Cour de récréation fétiche des Arabes du Golfe, la France deviendrait-elle un terrain à risques pour ces visiteurs souvent fortunés et pas toujours très discrets ? A la mi-août, la presse avait raconté le spectaculaire braquage du convoi d'un dignitaire saoudien sur le périphérique parisien : 250 000 euros avaient été saisis, disait-on alors, par un commando de six hommes armés et masqués, dans le véhicule de l'intendant d'Abdel Aziz Ben Fahd, un prince à la réputation de noceur. Ce que l'on ne savait pas, c'est que quelques semaines plus tôt, deux diplomates qataris en poste à Paris avaient été eux aussi détroussés.

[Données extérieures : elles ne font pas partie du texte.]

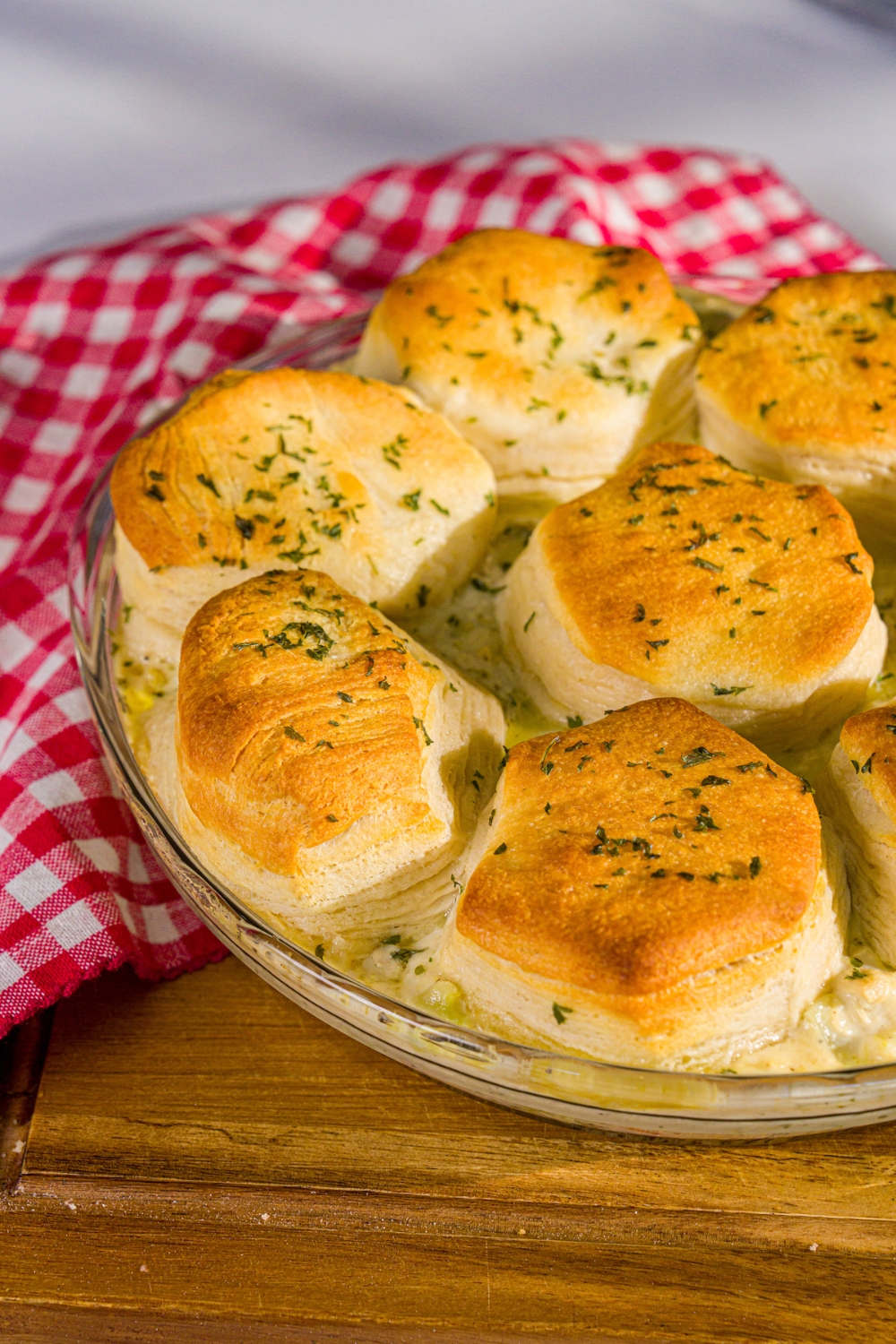 A round baking dish with baked Trader Joe's chicken pot pie with a biscuit topping. The dish is on a wooden board with a red checkered napkin.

Selon des informations obtenues par Le Monde, l'ambassadeur de ce petit émirat gazier s'est fait dérober sa valise le 1er juin dans le hall de l'aéroport de Nice. Pareille mésaventure n'aurait pas mérité d'être rapportée, n'était le montant du préjudice déclaré à la police des frontières : 190 000 euros ! Mechal Ben Ahmed Al-Thani, un membre du clan au pouvoir à Doha, voyageait avec son épouse, et le bagage qui leur a été subtilisé contenait des bijoux de grande valeur.
Difficile de dire si le couple a été victime d'un voleur occasionnel, qui a profité d'un moment d'inattention, ou d'un de ces réseaux spécialisés à l'affût de VIP au portefeuille bien garni dans les aéroports internationaux. La qualité du butin, en tout cas, ne surprendra pas ceux qui connaissent les mœurs des ressortissants du Golfe à Paris : la visite des joailliers de la place Vendôme est l'un de leurs passe-temps favoris.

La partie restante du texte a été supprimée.